# Bald Eagle with a hard right turn........



## EricD (Oct 12, 2010)

Another shot from the Eagle nest location. Here comes a heavy rght banking turn into the nest.
Shot 20 minutes after sunrise, had a little morning glow going.


----------



## jackiejay (Oct 12, 2010)

Magnificent shot beautiful bird.


----------



## petercanon (Oct 12, 2010)

i like that the bird has the twig in its talons. Patriotic


----------



## Derrel (Oct 12, 2010)

Excellent!

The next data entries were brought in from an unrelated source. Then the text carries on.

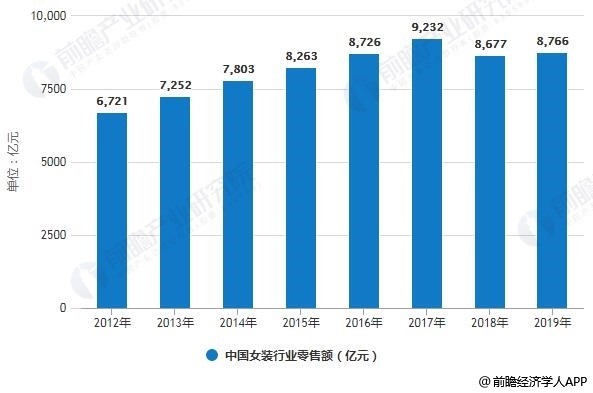 步Forever21后尘？武汉Zara全部关闭 官方回应：停业升级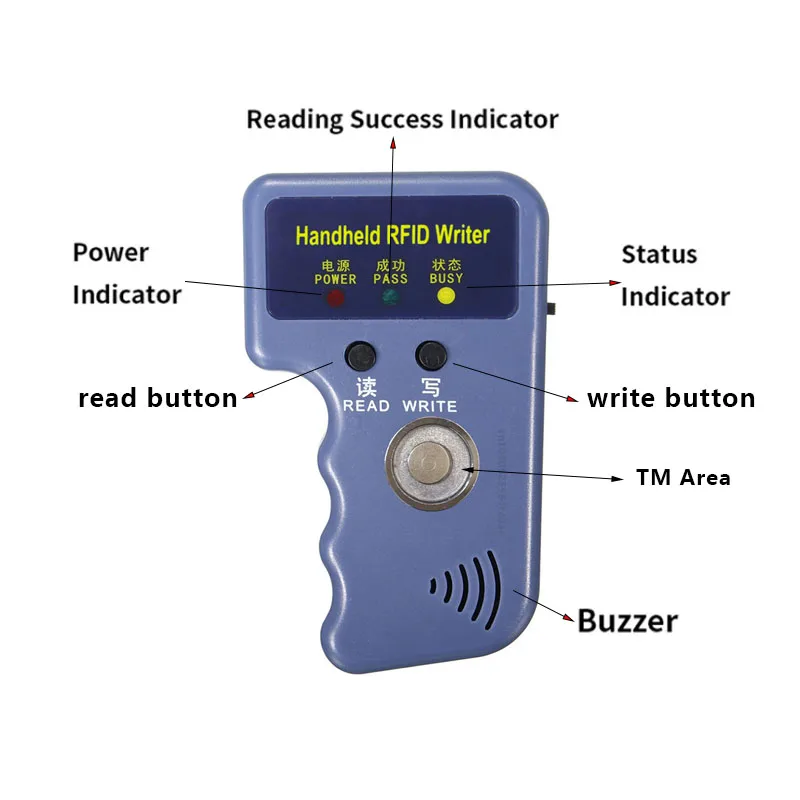 RFID Card Duplicator 125KHz RW1990 TM1990 ibutton DS-1990 I-Button Reader Handheld T5577 EM4305 EM4100 Keys Tag Copier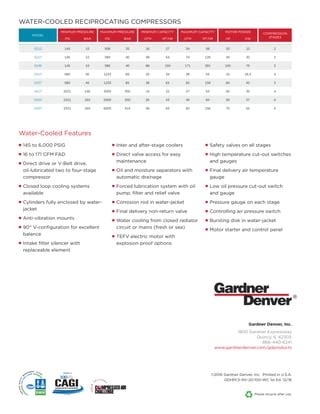 Image result for Reavell Compressor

Nest material gathering on a bald eagle--so,so cool!


----------



## Olcoot (Oct 12, 2010)

Superb image, Bravo!


----------



## HikinMike (Oct 12, 2010)

WOW!


----------



## Scatterbrained (Oct 12, 2010)

great shot!


----------



## Neil S. (Oct 12, 2010)

+1

+1

+1

lol

Ya its really great shot. 

Bravo! :thumbup:


----------



## Abby Rose (Oct 13, 2010)

I love all your pictures.


----------



## MSnowy (Oct 13, 2010)

great pic


----------



## 12sndsgood (Oct 13, 2010)

wow, very nice!


----------



## bigboi3 (Oct 13, 2010)

Amazing.  So much detail.


----------



## AverageJoe (Oct 13, 2010)

I didn't know they were vegetarians?

Nice shot.


----------



## icassell (Oct 13, 2010)

AverageJoe said:


> I didn't know they were vegetarians?
> 
> .



Nah.  Those twigs are for picking stubborn bits of rabbit out from between their teeth :lmao:


----------



## Amocholes (Oct 14, 2010)

icassell said:


> AverageJoe said:
> 
> 
> > I didn't know they were vegetarians?
> ...



They have teeth?:shock:


----------



## timethief (Oct 14, 2010)

impressive.


----------



## Nykon (Oct 20, 2010)

So Sweet!!!! LOVE it!


----------



## JWellman (Oct 20, 2010)

Absolutely love your photo!


----------



## Jacki (Oct 21, 2010)

Amocholes said:


> icassell said:
> 
> 
> > AverageJoe said:
> ...





Love the shot! I really like that he has a branch in his toes, and the way the tips of the wings curve...nice!!! :thumbup:


----------



## corralup (Oct 21, 2010)

Sorry I have missed probably a whole series from you.  Is this one of the eagles from the cemetery?  Great pose, Eric!


----------



## Yellow Wagon (Oct 21, 2010)

amazing photo!


----------



## RPK617 (Oct 21, 2010)

Dayumn!!  Awesome photo of a beautifully majestic bird of prey


----------